### EXERCISE PROMPT
Should a picture appear anywhere in the data, omit it and copy everything else exactly.

### DATA SHOWN
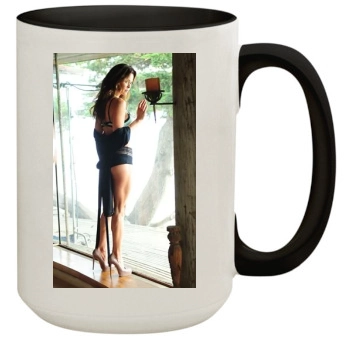 Brooke Burke 15oz Colored Inner & Handle Mug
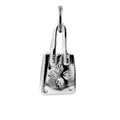 Sterling Silver Tote Bag Charm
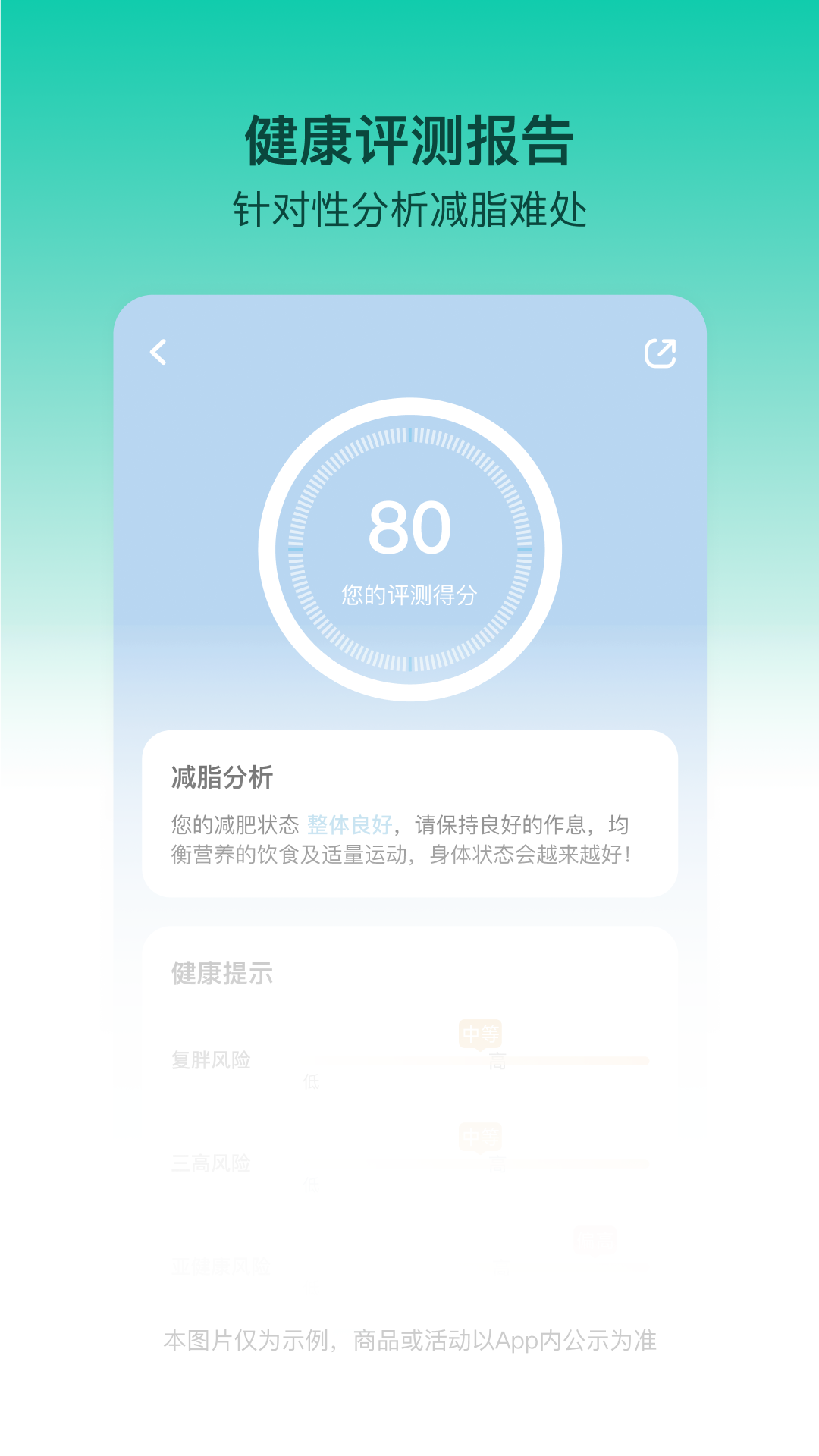 热量减肥游戏截图4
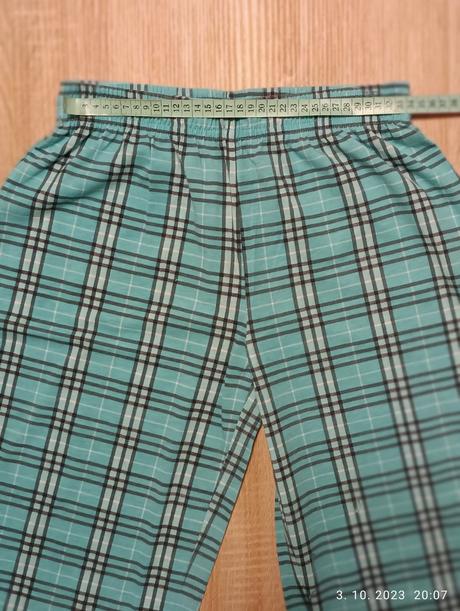 Pyžamo nohavice 3/4, m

### FINAL ANSWER
 Brooke Burke 15oz Colored Inner & Handle Mug
 Sterling Silver Tote Bag Charm
 热量减肥游戏截图4
 Pyžamo nohavice 3/4, m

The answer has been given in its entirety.